= Beginning of Section =

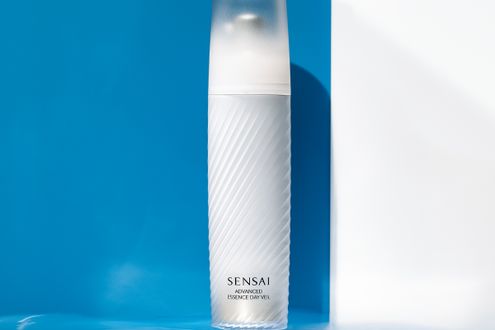 みずみずしい使用感で高島礼子さんの常識を覆した「SENSAI」のUV美容液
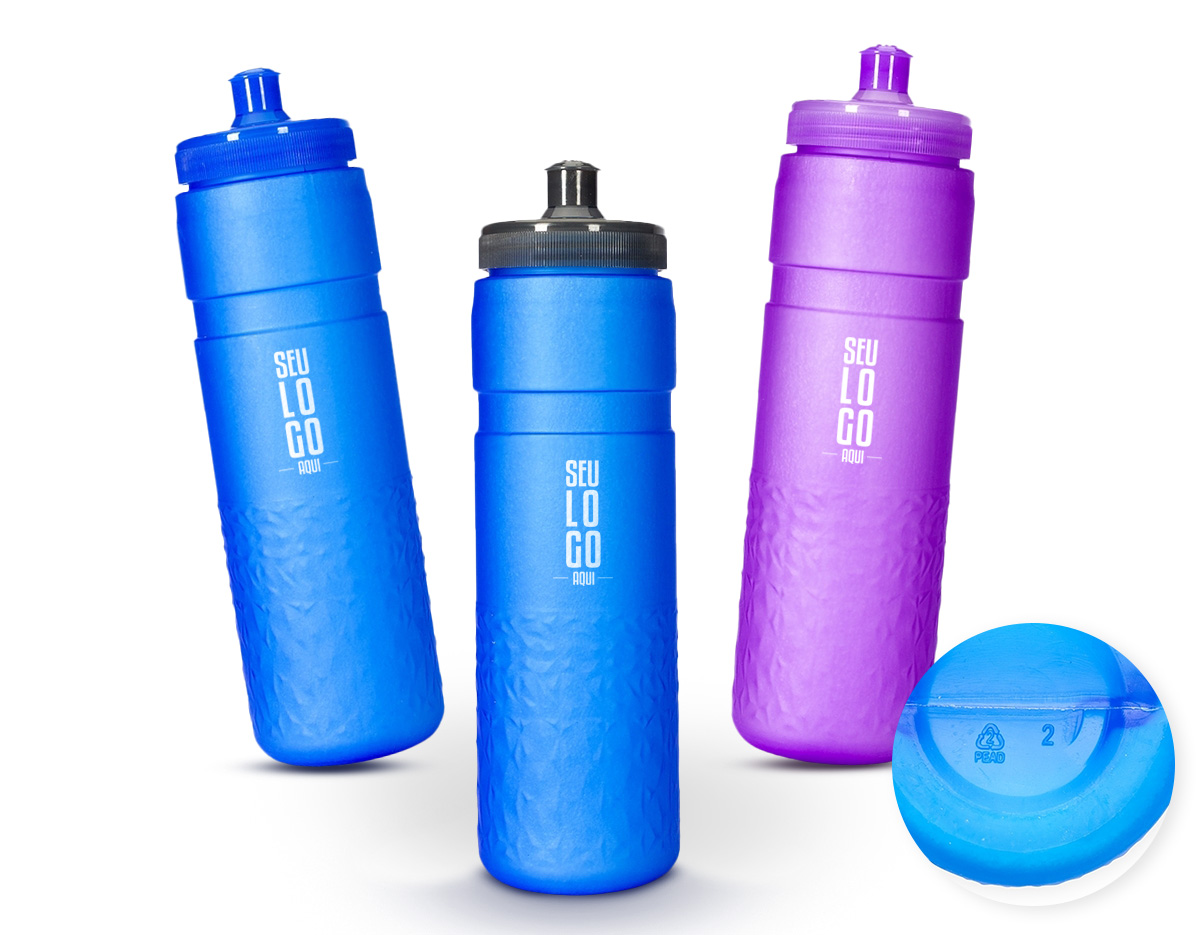 queeze feito em PEVA atóxico, com design leve e moderno, e capacidade de 500ml. Apresenta estrutura com parede dupla, que ajuda a manter a temperatura de líquidos estável por mais tempo em comparação a outros modelos de squeezes. Possui ainda com detalhes texturizados na parte inferior e tampa rosqueável com bico de plástico.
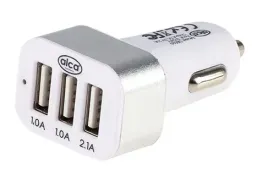 ladowarka-samochodowa-uniwersalna-3-x-usb-1a-24a-5v
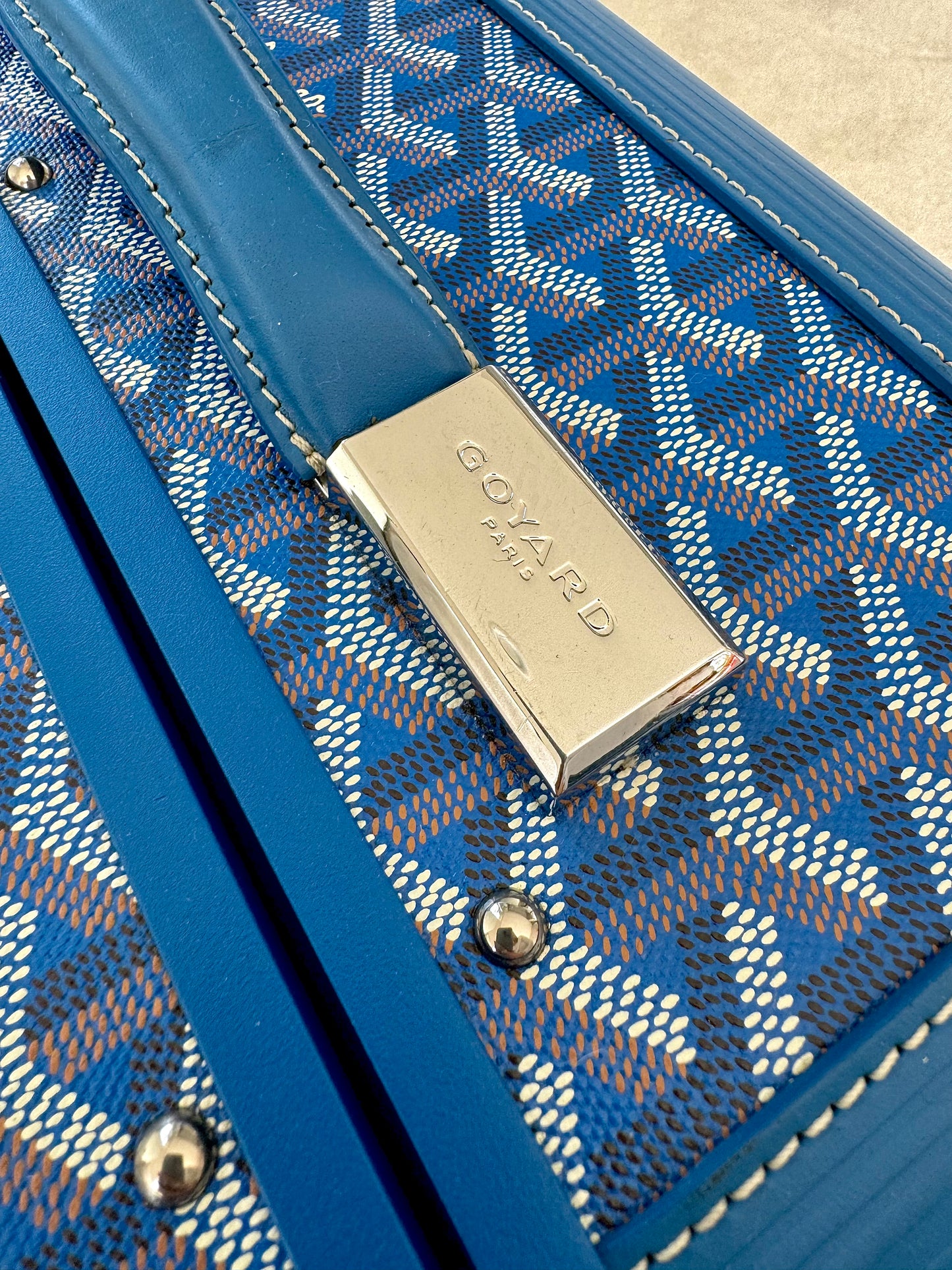 GOYARD
Goyardine Bourget PM Sky Blue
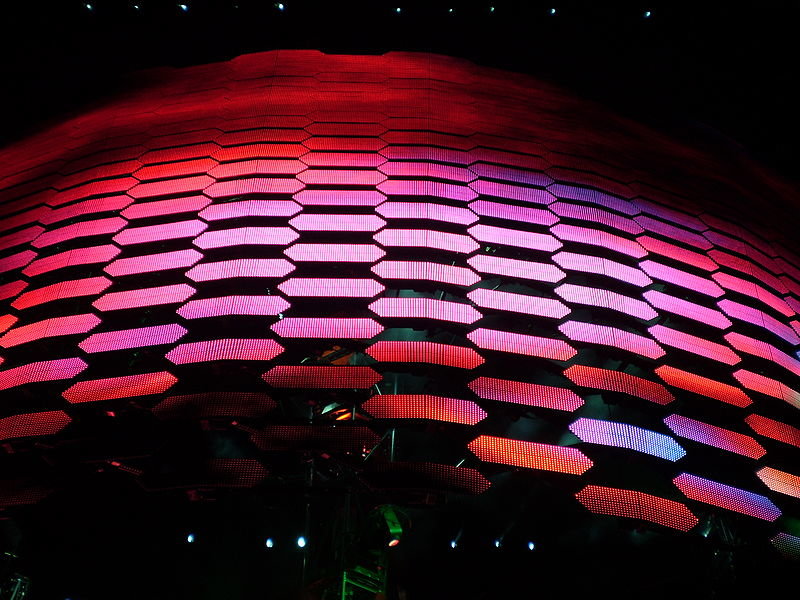 800px-U2-The_Unforgettable_Fire-live.JPG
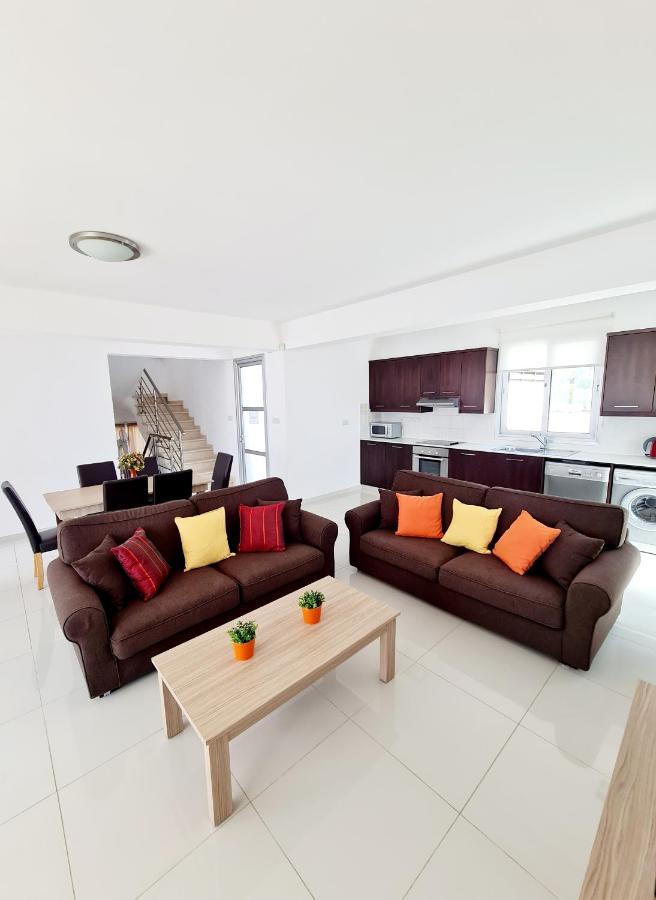 Modern Villa, 4 Bedrooms, Private Pool, Close To Coral Bay Strip เปเยีย ภายนอก รูปภาพ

= End of Section =

- **What this task involves**
All that should appear in the response is the run of lines from the one with "Goyardine Bourget PM Sky Blue" through the final line of the records, restated exactly, with pictures omitted.

- **Final answer**
Goyardine Bourget PM Sky Blue
 800px-U2-The_Unforgettable_Fire-live.JPG
 Modern Villa, 4 Bedrooms, Private Pool, Close To Coral Bay Strip เปเยีย ภายนอก รูปภาพ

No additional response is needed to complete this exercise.